== What you should do ==
Below is a block of records: output all of them exactly and leave out the pictures.

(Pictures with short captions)
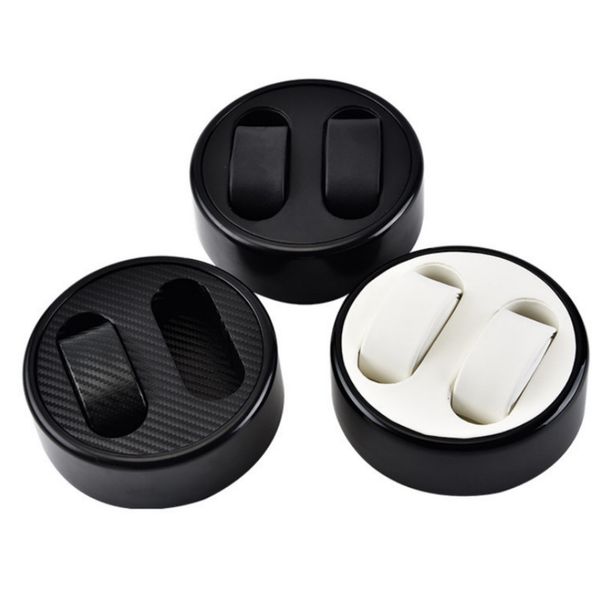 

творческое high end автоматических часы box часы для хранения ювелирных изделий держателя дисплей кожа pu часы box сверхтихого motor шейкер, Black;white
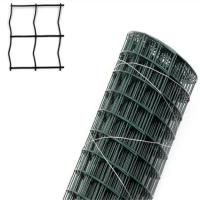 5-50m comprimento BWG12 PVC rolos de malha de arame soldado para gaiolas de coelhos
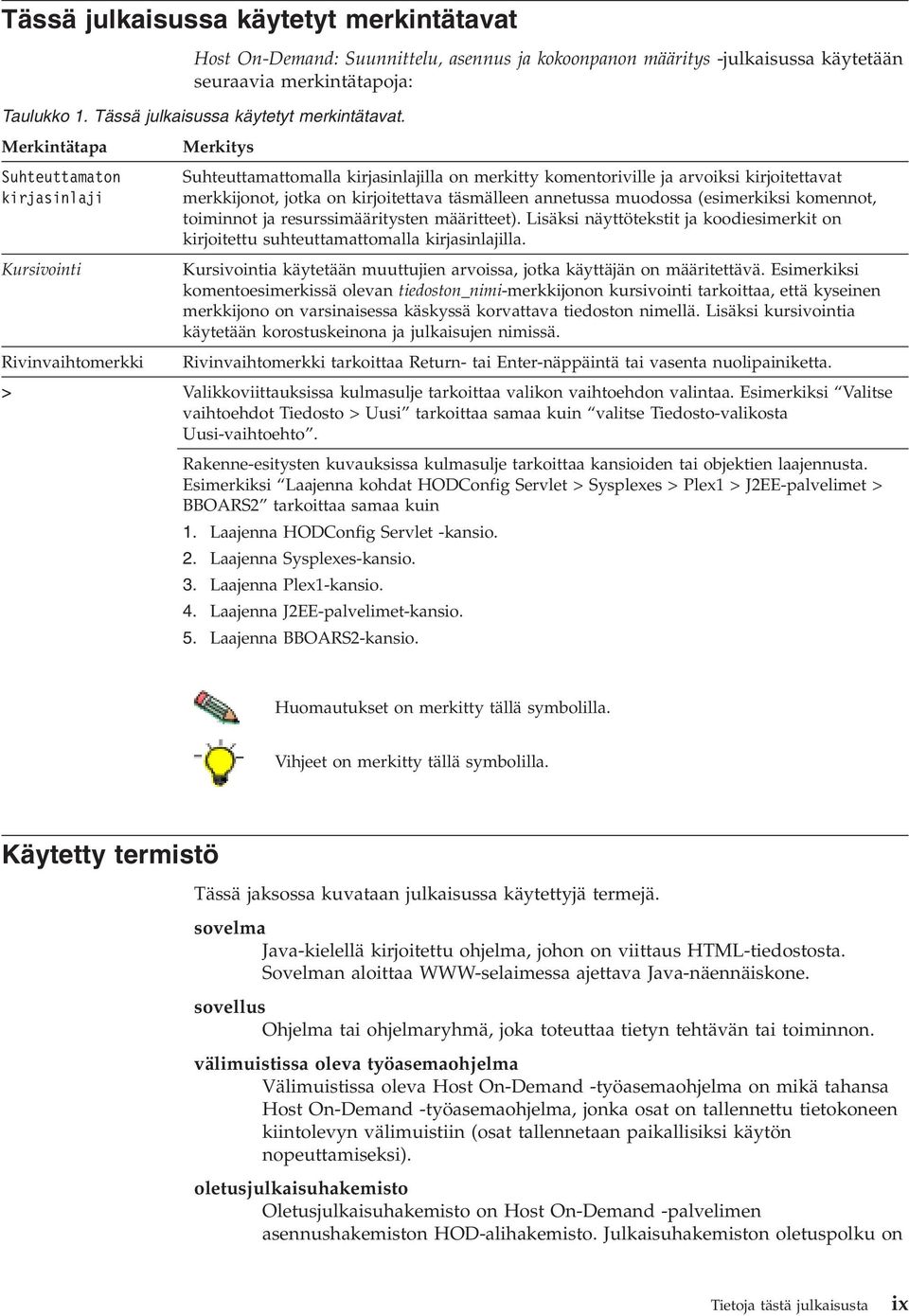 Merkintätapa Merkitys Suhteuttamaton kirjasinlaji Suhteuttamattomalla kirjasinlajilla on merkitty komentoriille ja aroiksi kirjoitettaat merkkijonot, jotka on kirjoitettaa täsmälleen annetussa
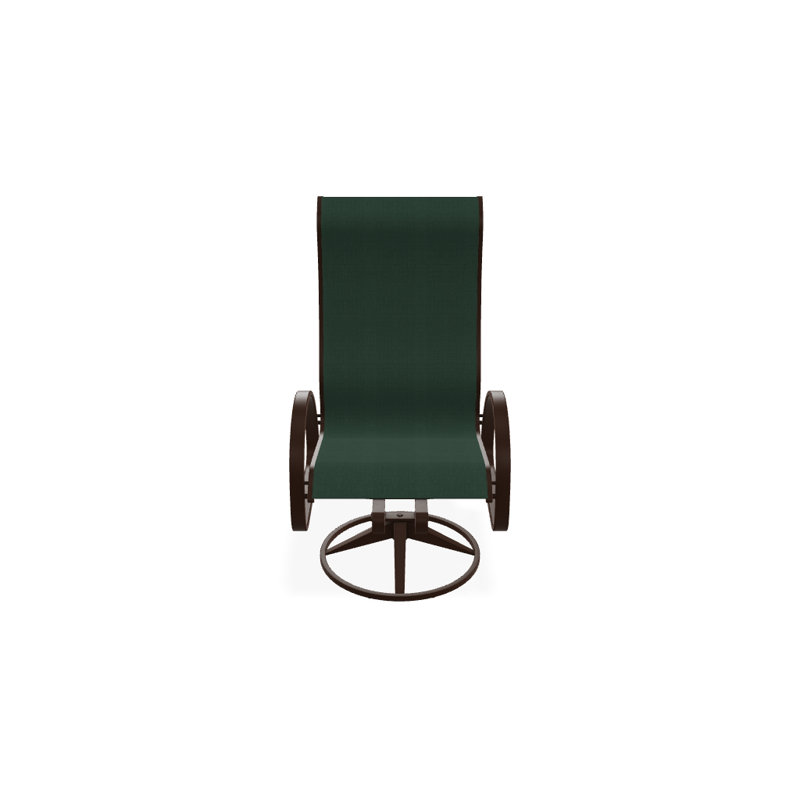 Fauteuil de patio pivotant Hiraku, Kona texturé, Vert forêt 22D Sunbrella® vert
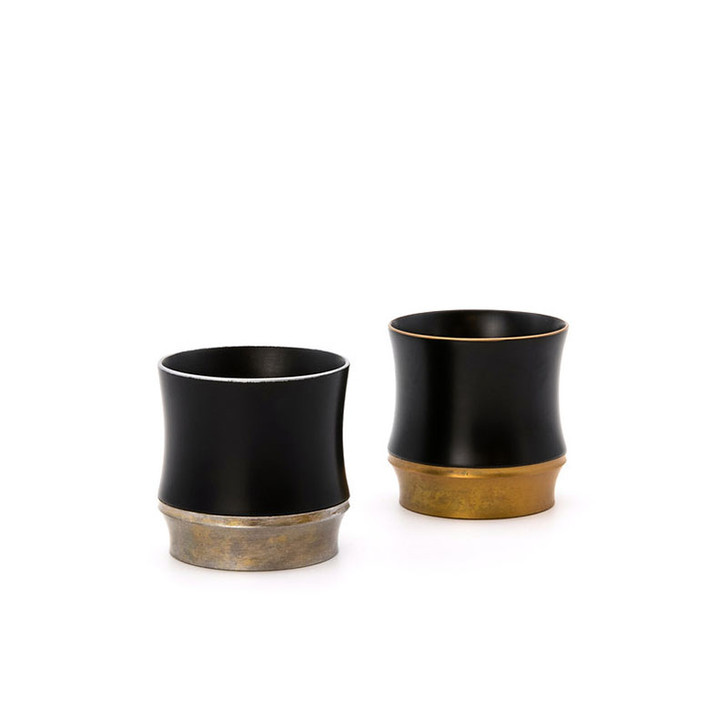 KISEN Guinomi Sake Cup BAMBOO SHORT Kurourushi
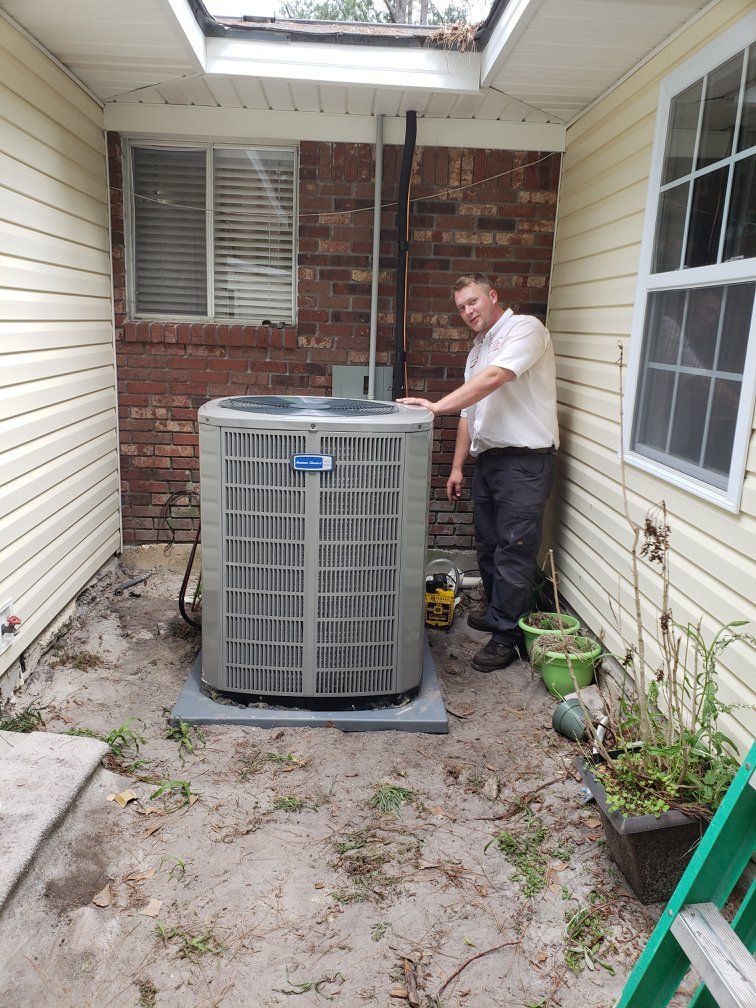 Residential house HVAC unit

== Solution to this exercise ==
творческое high end автоматических часы box часы для хранения ювелирных изделий держателя дисплей кожа pu часы box сверхтихого motor шейкер, Black;white
 5-50m comprimento BWG12 PVC rolos de malha de arame soldado para gaiolas de coelhos
 Merkintätapa Merkitys Suhteuttamaton kirjasinlaji Suhteuttamattomalla kirjasinlajilla on merkitty komentoriille ja aroiksi kirjoitettaat merkkijonot, jotka on kirjoitettaa täsmälleen annetussa
 Fauteuil de patio pivotant Hiraku, Kona texturé, Vert forêt 22D Sunbrella® vert
 KISEN Guinomi Sake Cup BAMBOO SHORT Kurourushi
 Residential house HVAC unit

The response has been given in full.